## [PROBLEM TO WORK ON]
State how many lines of the data below hold the string "Street", giving nothing but the number.

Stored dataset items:
####################
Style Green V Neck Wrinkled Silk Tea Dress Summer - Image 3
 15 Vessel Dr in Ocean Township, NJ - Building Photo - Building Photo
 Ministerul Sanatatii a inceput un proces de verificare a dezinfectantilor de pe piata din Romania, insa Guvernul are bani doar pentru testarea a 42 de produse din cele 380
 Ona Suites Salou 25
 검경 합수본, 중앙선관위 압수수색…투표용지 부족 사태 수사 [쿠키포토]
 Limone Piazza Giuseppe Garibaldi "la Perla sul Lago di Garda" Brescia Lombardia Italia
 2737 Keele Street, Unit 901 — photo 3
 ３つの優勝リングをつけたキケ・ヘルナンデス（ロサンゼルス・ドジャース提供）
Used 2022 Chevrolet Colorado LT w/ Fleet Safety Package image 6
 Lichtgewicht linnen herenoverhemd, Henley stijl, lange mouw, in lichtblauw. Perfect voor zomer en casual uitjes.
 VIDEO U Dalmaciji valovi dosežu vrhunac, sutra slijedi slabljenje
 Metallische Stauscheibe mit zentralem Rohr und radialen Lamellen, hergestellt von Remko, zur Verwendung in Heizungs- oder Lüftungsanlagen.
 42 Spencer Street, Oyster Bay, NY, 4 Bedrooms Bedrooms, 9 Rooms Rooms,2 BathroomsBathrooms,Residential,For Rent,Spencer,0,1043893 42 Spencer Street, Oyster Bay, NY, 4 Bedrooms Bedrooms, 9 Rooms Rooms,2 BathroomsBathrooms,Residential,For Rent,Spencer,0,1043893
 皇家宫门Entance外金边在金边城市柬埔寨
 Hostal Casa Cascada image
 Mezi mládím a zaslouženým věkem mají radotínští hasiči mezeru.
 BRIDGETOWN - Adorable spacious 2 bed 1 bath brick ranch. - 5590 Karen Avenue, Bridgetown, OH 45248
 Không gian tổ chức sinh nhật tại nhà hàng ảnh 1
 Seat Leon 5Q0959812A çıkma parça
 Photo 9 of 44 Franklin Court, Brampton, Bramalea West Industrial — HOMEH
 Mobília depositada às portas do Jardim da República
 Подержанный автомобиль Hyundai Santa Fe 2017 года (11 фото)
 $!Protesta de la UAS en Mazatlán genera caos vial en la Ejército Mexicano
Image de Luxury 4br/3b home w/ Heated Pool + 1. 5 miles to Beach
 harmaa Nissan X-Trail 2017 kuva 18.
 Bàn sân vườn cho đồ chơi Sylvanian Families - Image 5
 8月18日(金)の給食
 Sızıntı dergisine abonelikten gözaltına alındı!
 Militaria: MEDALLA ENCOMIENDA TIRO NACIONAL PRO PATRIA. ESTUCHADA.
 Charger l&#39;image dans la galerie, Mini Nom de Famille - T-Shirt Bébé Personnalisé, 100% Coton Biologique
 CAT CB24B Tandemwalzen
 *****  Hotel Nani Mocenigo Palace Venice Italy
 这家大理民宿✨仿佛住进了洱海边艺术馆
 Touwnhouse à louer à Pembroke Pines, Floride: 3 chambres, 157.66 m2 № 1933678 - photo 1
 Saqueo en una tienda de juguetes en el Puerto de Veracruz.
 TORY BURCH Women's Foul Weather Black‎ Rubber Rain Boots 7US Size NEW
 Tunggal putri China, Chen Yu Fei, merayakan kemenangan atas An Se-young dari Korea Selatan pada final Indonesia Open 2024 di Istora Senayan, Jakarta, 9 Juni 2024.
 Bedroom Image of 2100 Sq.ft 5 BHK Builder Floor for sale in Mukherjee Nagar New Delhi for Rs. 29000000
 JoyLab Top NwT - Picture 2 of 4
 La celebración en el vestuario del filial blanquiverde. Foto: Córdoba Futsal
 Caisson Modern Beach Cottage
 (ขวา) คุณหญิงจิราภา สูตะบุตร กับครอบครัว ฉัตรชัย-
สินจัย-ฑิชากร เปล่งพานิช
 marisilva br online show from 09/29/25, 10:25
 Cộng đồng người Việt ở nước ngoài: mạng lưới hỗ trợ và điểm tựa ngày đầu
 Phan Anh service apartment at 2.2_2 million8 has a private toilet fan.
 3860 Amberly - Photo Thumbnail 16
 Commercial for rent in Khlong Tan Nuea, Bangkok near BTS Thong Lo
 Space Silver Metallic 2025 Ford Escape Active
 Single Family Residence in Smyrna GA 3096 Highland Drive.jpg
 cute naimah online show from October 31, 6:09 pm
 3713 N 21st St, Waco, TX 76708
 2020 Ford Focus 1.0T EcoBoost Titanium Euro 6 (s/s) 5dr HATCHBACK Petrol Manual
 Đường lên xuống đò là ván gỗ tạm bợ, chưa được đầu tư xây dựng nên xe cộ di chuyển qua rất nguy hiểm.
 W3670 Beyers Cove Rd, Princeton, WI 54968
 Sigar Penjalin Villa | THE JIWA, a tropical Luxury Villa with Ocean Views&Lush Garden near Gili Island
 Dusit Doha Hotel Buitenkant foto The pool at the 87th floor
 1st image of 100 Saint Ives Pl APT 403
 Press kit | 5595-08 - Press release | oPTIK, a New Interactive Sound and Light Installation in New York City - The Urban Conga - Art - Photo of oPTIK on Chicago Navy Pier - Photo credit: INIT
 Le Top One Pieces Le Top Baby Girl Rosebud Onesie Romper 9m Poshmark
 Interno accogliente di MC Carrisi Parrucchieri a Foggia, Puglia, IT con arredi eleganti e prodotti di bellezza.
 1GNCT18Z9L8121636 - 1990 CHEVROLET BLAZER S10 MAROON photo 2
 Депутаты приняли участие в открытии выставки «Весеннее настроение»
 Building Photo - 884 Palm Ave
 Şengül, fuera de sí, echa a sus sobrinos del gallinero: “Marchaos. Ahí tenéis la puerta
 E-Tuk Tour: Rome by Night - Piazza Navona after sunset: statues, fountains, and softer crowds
####################
## [OUTPUT OF THE EXERCISE]
2